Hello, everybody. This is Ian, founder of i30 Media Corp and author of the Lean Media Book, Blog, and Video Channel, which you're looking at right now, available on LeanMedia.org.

◆ ◆ ◆ ◆ ◆ ◆ ◆

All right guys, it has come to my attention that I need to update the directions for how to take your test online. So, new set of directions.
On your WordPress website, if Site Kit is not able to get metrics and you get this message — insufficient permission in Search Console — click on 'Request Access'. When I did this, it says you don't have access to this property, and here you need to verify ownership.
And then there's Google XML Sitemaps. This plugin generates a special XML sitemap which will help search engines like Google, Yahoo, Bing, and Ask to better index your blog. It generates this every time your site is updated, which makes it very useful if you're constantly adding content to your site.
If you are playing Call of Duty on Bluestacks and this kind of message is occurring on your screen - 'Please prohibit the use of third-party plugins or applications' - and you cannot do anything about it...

◆ ◆ ◆ ◆ ◆ ◆ ◆

EXERCISE PROMPT
When you reach the line with "All right guys, it" in the records above, start writing out lines exactly, and stop once the line with "And then there's" has been written; include nothing else.

ANSWER TO THE EXERCISE
All right guys, it has come to my attention that I need to update the directions for how to take your test online. So, new set of directions.
On your WordPress website, if Site Kit is not able to get metrics and you get this message — insufficient permission in Search Console — click on 'Request Access'. When I did this, it says you don't have access to this property, and here you need to verify ownership.
And then there's Google XML Sitemaps. This plugin generates a special XML sitemap which will help search engines like Google, Yahoo, Bing, and Ask to better index your blog. It generates this every time your site is updated, which makes it very useful if you're constantly adding content to your site.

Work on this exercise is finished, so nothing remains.